Faculty Profile: Abhay Ashtekar
Abhay Ashtekar Director of IGC; 316 Whitmore Lab (physical address); 104 Davey Lab #171 (mailing address) University Park, PA 16802 Phone: +1 814-863-9605 Email: ashtekar@gravity.psu.edu |
Research Interests: Loop Quantum Gravity, General Relativity, Cosmology, Gauge Theories, Generalizations of Quantum Mechanics, Geometry and Physics
In quantum gravity, my current research focuses on cosmology and black holes. Thanks to the contributions from dozens of researchers, loop quantum cosmology (LQC) has made significant advances over the last five years. The big-bang and the big-crunch singularities have been resolved in homogeneous models. As a result, LQC space-times are vastly larger than what Einstein had us believe. Details of Planck scale physics have also been worked out in these models. Recently, a framework was introduced to analyze cosmological perturbations using quantum fields in quantum space-times. The framework allows one to adequately handle perturbations whose seeds lie in the deep Planck regime, where matter densities and space-time curvature is some 11 orders of magnitude higher than that at the onset of standard inflation. We know that some of these seeds would not be washed away by the many e-foldings of inflation and can give rise, for example to non-Gaussianities. The question of whether such seeds are in fact produced during the big bounce, that replaces the big bang in LQC, is under active investigation.

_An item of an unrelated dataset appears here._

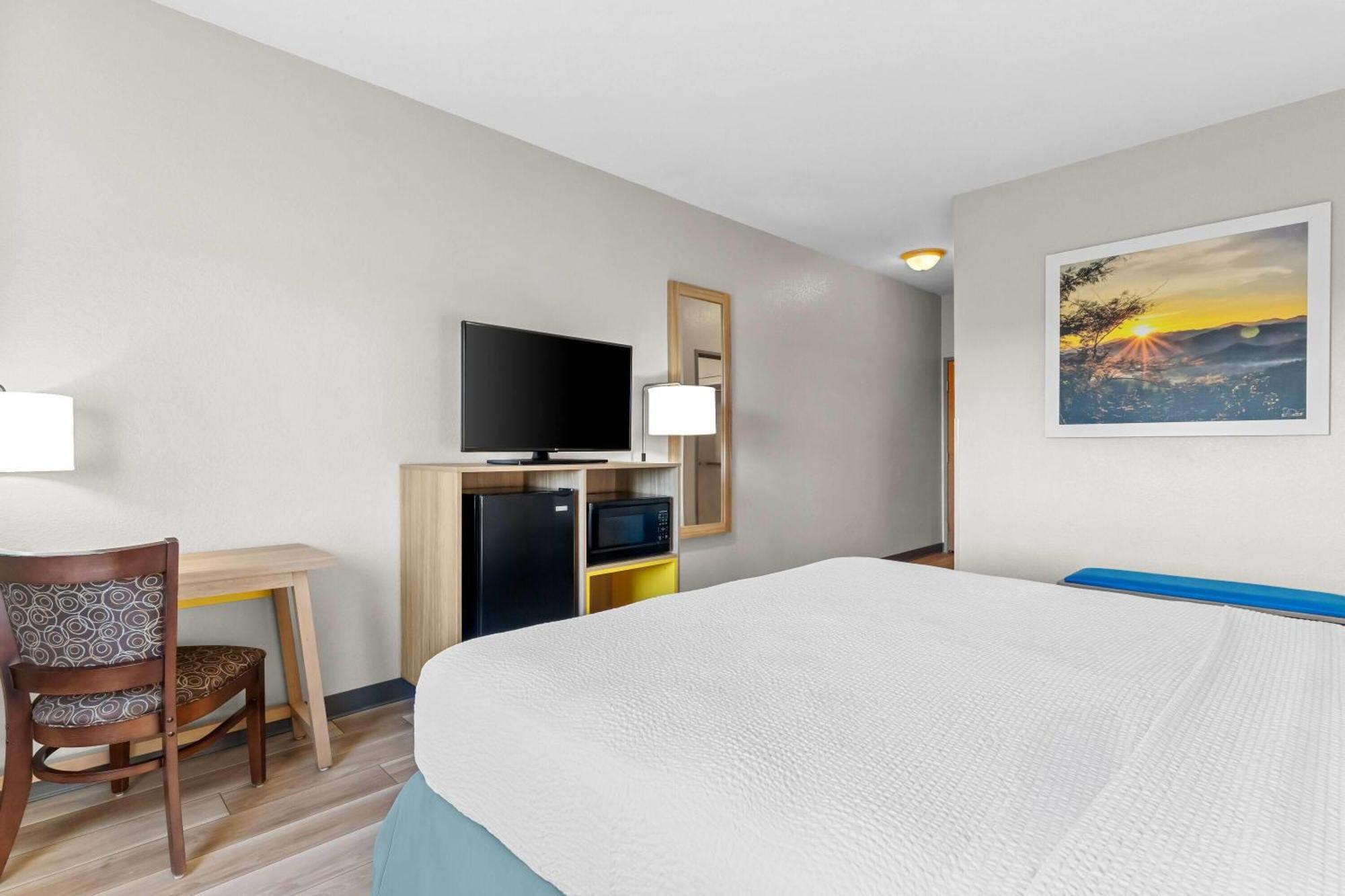 King Room - Accessible/Non-Smoking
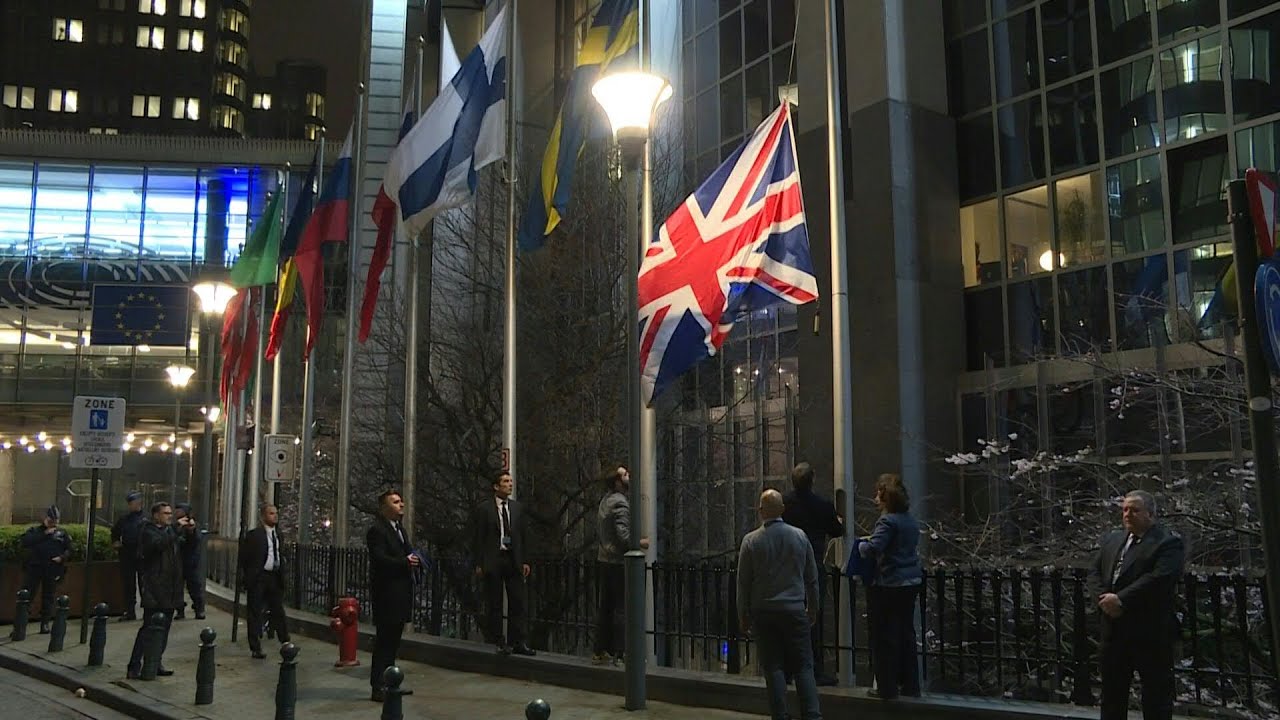 В великобритании спустили флаги. Приспущенный флаг Великобритании. Здание в Брюсселе с флагом. В Брюсселе спустили флаг Британии. Поднятие флага Британии.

Research on LQC has also provided important new insights into full loop quantum gravity (LQG). These include the emergence of a relational time variable, techniques to find the physical sector of the theory including the so-called ‘Dirac’ observables, concrete
support for the spin foam paradigm, insight into how entropy bounds can arise without a priori holographic input, and new physical effects – such as a brand new repulsive force – that emerge in the Planck regime from the specific quantum geometry that underlies LQG. There is considerable ongoing research on such issues to create a reliable bridge between LQG and LQC.
The fact that LQG can provide specific quantum extensions of classically singular space-times is also being used in black hole physics. Analysis is driven by conceptual issues, such as the quantum nature of the big-bang and the issue of information loss in Hawking evaporation, and uses advanced techniques at the interface of geometry, mathematical physics and computational science. Quantum geometry underlying LQG also accounts for black hole entropy. Here, the micro-states that feature in the statistical mechanical counting arise directly from the ‘atoms’ of the horizon quantum geometry, rather than from a hypothetical system of bosons and fermions that is ‘equivalent’ to a black hole. Furthermore, the calculation encompasses ‘isolated horizons’ which are more general than the event horizons of stationary black holes. In particular, cosmological horizons are naturally included.
In classical general relativity, I have been interested in the asymptotic structure of space-time, gravitational radiation theory, Lagrangian and Hamiltonian formulations without infinite counter-term subtractions and especially in the conceptual and physical understanding of dynamical black holes in the full, non-linear regime of general relativity. This last work in particular has a strong interface with numerical relativity where it provides tools to extract reliable physics from black hole simulations.